Given information Start Marker
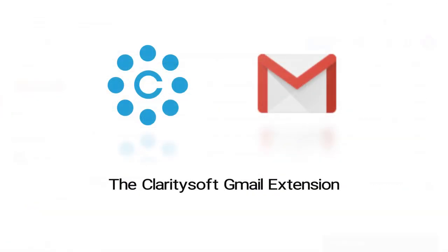The ClaritySoft Gmail extension can do so much more. You can get it today at the Chrome Web Store.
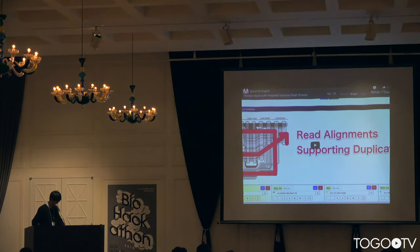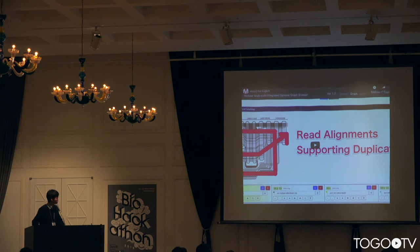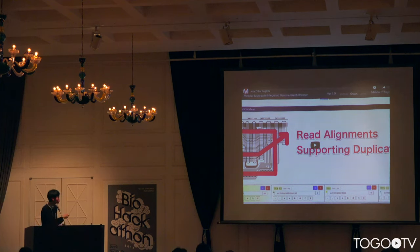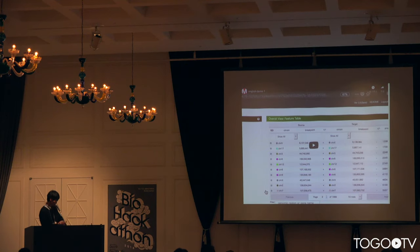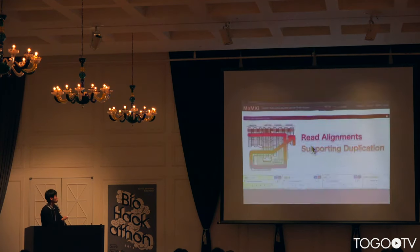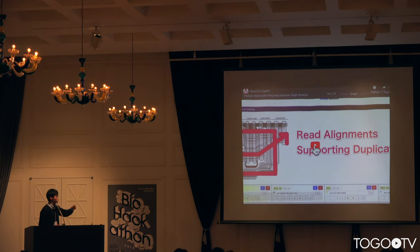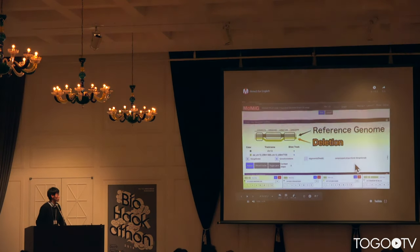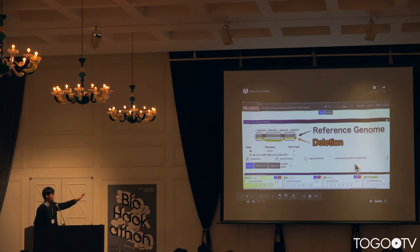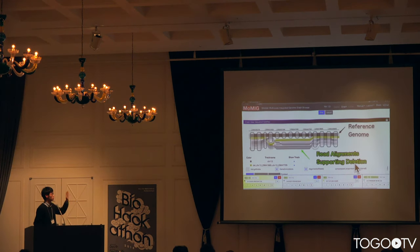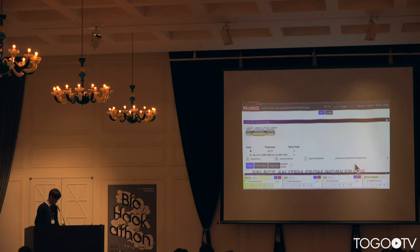We can also validate this variant using read alignments. This deletion is also validated by read alignments, shown as many thin lines.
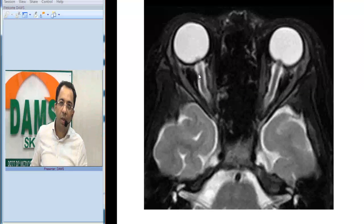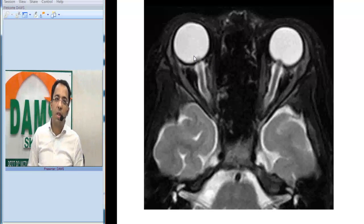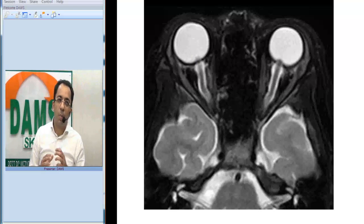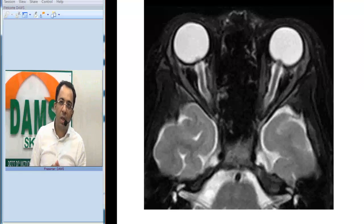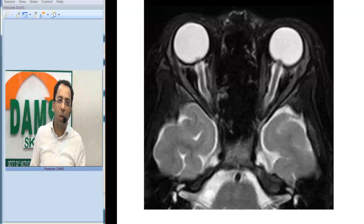If you look at the optic nerves, the optic nerve sheath — the fluid around the optic nerve sheath looks prominent and tortuous. And if you see the optic nerve head, it looks slightly protruding into the globe. So the findings are: a tortuous optic nerve complex with prominent nerve sheath fluid and bulging of the nerve head into the globe.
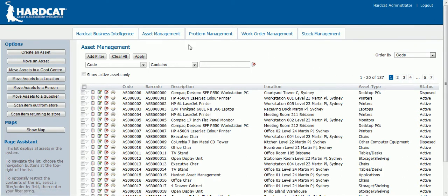To navigate through the different pages of assets, simply click on the page number. Towards the left hand side of the screen you have multiple options. Here you can create an asset, move an asset, move assets to a cost center, move assets to a location, move assets to a person, move assets to a supplier, scan items in and out of a store using the issue and return component, or show your assets on a map.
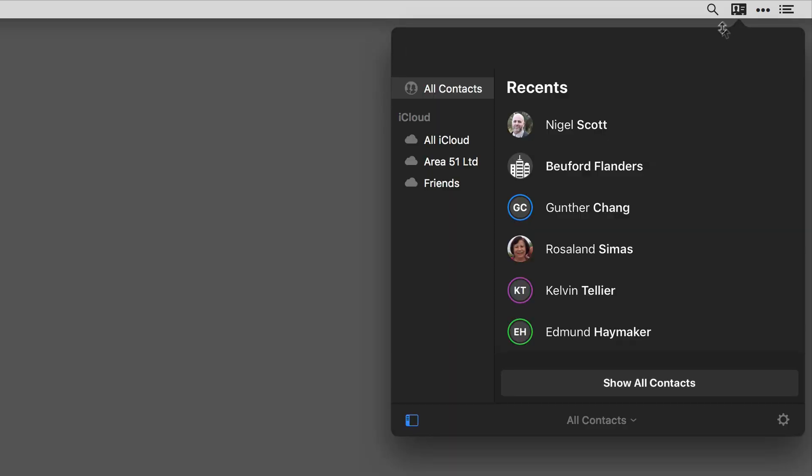One of the features you're going to love about Cardhop is the ability to perform quick actions on cards. I'll go ahead and activate Cardhop and you can see for each of the names here I have these icons to the right.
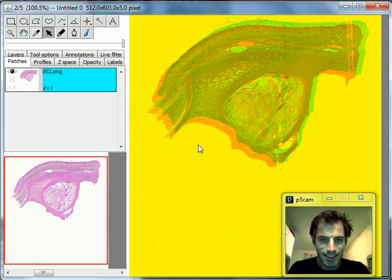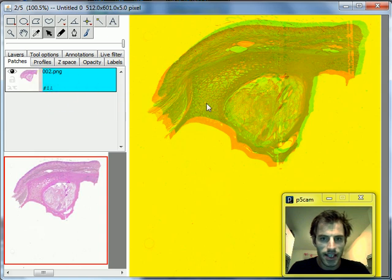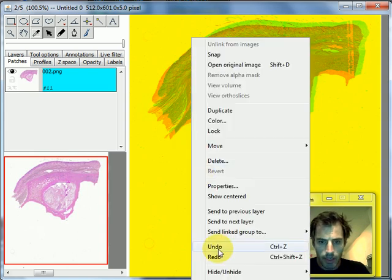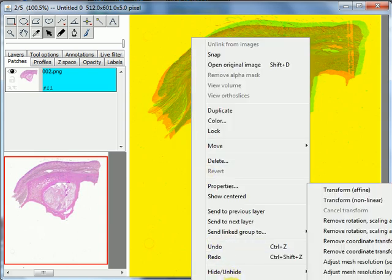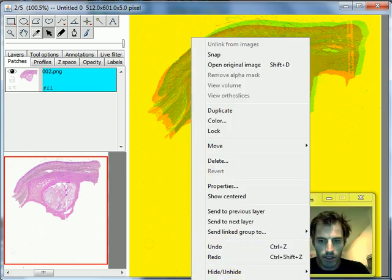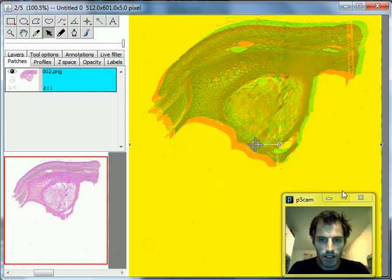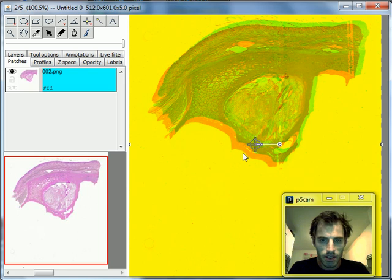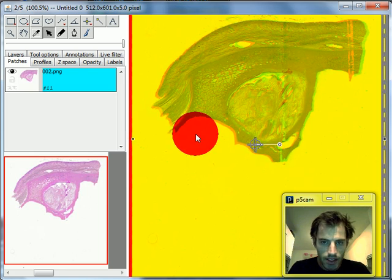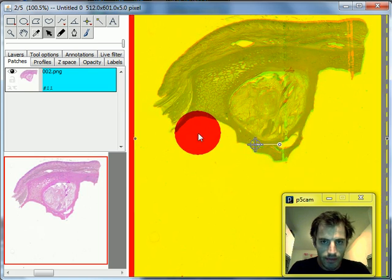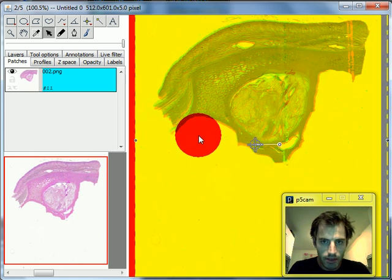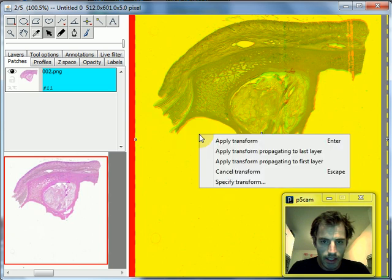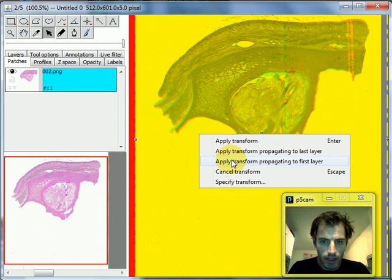I left-click on the display so it actually selects that slice on this layer, then I right-click and I pick Transform, which you can't see right now. From the transform submenu I pick Transform Affine, and now I can very easily align these two images. There we go. Right-click, and then I go Apply Transform, propagating to last layer.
Given information End Marker
Each entry above should come back word for word, and no picture should come with it.

The ClaritySoft Gmail extension can do so much more. You can get it today at the Chrome Web Store.
We can also validate this variant using read alignments. This deletion is also validated by read alignments, shown as many thin lines.
If you look at the optic nerves, the optic nerve sheath — the fluid around the optic nerve sheath looks prominent and tortuous. And if you see the optic nerve head, it looks slightly protruding into the globe. So the findings are: a tortuous optic nerve complex with prominent nerve sheath fluid and bulging of the nerve head into the globe.
To navigate through the different pages of assets, simply click on the page number. Towards the left hand side of the screen you have multiple options. Here you can create an asset, move an asset, move assets to a cost center, move assets to a location, move assets to a person, move assets to a supplier, scan items in and out of a store using the issue and return component, or show your assets on a map.
One of the features you're going to love about Cardhop is the ability to perform quick actions on cards. I'll go ahead and activate Cardhop and you can see for each of the names here I have these icons to the right.
I left-click on the display so it actually selects that slice on this layer, then I right-click and I pick Transform, which you can't see right now. From the transform submenu I pick Transform Affine, and now I can very easily align these two images. There we go. Right-click, and then I go Apply Transform, propagating to last layer.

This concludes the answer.